Baca juga: GIMNI Sebut Alasan Melesunya Ekspor Sawit
Menurut Suhariyanto, total ekspor sawit Indonesia pada Mei 2018 mencapai US$ 1,58 miliar atau turun 2,5 persen dari April 2018 yang mencapai US$ 1,62 miliar.
Penurunan ini, kata Suhariyanto, karena produk turunan sawit seperti lemak dan minyak nabati memiliki kontribusi terbesar kedua dari nilai ekspor nonmigas Indonesia sepang Januari hingga Mei 2018. Dari US$ 68,09 miliar ekspor nonmigas Indonesia, produk turunan sawit menyumbang 12,3 persen atau sekitar US$ 8,37 miliar. Kontribusi terbesar masih disumbang ekspor bahan bakar mineral sebesar 14,82 persen.

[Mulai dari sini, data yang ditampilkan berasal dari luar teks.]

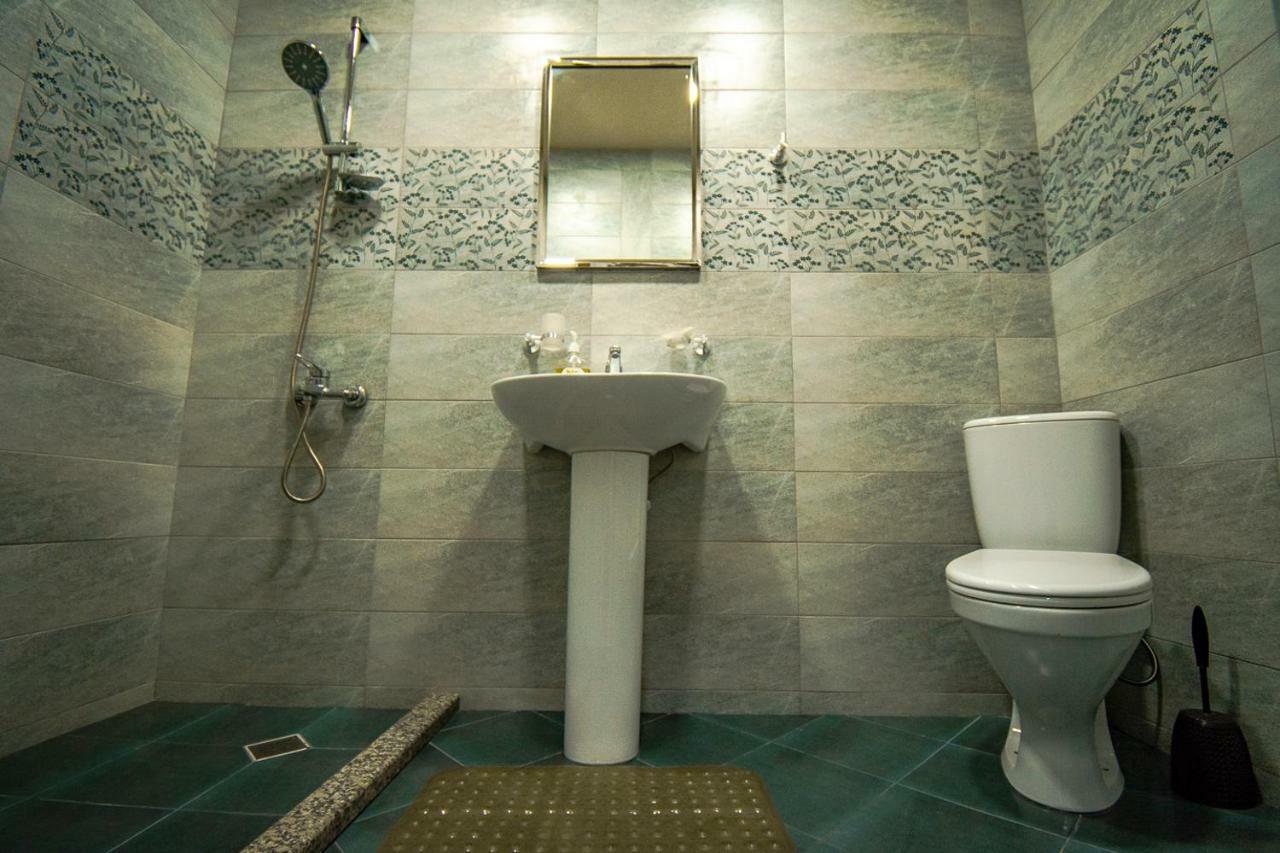 Nana'S Guesthouse Μπατούμι Εξωτερικό φωτογραφία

Simak pula: Genjot Ekspor Sawit, Indonesia Diminta Tembus Pasar Afrika Timur
Setelah melalui sekian perundingan, negara-negara anggota Uni Eropa pada 14 Juni kemarin menyetujui program pengurangan bertahap untuk sejumlah komponen pada biofuel, salah satunya sawit yang dianggap tidak linier dengan upaya pengendalian iklim. Program itu tertuang dalam Arahan Energi Terbarukan Uni Eropa atau EU's Renewable Energy Directive (RED II).
Kesepakatan ini dicapai setelah diadakan dialog antara Komisi Eropa, Parlemen Eropa, dan Dewan Uni Eropa. "Kesepakatan politik telah dicapai untuk meningkatkan penggunaan energi terbarukan di Eropa," kata Duta Besar Uni Eropa untuk Indonesia, Vincent Guérend, dalam keterangannya di Jakarta, Sabtu, 16 Juni 2018.
Lihat pula: Masalah Lingkungan Ancam Ekspor Sawit Indonesia
Tak hanya itu, ekspor sawit ke India juga terganggu karena adanya tarif impor yang tinggi sebesar 7,5 sampai 15 persen. Sementara, tarif untuk produk turunan sebesar 15 sampai 25 persen. Tak sampai di situ, India masih berencana memperbesar tarif produk sawit dan turunannya, masing-masing hingga 45 persen dan 54 persen.
Secara akumulasi, nilai ekspor sawit sepanjang Januari hingga Mei 2018 juga turun hingga 15,66 persen dibanding periode yang sama pada 2017. Jika pada Januari-Mei 2017 mencapai US$ 9,92 miliar, maka tahun ini hanya US$ 8,37 miliar.